### Dataset excerpts ###

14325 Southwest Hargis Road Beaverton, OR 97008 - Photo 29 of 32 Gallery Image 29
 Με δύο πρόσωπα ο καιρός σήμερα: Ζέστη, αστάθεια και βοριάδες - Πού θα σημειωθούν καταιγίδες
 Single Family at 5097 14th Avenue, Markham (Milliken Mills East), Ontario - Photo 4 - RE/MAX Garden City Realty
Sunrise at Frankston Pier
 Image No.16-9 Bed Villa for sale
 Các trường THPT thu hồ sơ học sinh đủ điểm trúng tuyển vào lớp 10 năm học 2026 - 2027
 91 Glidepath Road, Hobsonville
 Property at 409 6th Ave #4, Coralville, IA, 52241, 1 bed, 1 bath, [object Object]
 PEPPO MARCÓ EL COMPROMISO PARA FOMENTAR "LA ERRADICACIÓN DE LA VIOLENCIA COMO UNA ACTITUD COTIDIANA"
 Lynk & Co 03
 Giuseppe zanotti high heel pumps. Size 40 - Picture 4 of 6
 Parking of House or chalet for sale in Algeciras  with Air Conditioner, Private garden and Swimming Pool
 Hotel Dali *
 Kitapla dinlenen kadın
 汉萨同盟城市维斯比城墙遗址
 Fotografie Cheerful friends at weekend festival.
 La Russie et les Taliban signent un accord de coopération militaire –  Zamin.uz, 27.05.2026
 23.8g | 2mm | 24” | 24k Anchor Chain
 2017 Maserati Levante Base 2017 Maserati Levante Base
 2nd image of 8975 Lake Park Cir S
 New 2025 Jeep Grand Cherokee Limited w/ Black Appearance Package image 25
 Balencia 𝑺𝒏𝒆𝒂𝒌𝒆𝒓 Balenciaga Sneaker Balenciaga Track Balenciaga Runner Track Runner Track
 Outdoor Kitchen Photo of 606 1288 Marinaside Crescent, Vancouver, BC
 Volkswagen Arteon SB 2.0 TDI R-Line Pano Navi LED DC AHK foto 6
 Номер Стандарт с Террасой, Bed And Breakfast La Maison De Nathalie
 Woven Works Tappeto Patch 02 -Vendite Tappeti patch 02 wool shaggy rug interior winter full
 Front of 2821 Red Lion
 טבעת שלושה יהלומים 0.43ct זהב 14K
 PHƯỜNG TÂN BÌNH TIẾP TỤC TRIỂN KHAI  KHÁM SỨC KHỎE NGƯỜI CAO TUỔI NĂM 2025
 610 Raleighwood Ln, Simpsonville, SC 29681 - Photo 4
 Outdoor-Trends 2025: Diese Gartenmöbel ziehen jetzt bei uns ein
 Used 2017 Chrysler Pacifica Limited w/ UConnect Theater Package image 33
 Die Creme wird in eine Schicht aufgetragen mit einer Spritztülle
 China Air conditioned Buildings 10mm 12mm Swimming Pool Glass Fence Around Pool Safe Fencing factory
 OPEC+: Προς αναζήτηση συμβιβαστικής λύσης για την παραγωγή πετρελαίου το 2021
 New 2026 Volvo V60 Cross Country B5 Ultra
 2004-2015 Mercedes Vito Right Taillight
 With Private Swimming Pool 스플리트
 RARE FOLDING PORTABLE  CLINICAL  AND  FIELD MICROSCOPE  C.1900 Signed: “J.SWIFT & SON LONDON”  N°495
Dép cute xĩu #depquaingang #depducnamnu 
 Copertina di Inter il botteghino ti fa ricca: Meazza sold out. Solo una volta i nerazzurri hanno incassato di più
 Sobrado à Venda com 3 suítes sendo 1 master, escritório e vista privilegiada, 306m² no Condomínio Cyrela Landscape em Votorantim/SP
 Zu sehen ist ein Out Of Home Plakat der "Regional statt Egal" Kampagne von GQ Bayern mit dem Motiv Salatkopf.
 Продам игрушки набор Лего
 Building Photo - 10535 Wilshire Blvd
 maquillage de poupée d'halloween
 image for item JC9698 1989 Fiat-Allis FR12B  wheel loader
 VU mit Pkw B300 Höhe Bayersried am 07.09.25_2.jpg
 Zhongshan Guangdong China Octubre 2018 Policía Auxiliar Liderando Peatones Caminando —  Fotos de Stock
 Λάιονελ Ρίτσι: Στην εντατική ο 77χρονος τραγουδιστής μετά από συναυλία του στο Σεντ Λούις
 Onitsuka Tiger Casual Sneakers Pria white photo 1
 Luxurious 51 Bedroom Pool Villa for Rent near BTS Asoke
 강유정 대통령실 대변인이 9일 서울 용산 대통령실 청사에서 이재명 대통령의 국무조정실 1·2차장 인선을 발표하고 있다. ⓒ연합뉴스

###

The task: Answer only with how many lines in the records include "sale".

Task solution: 2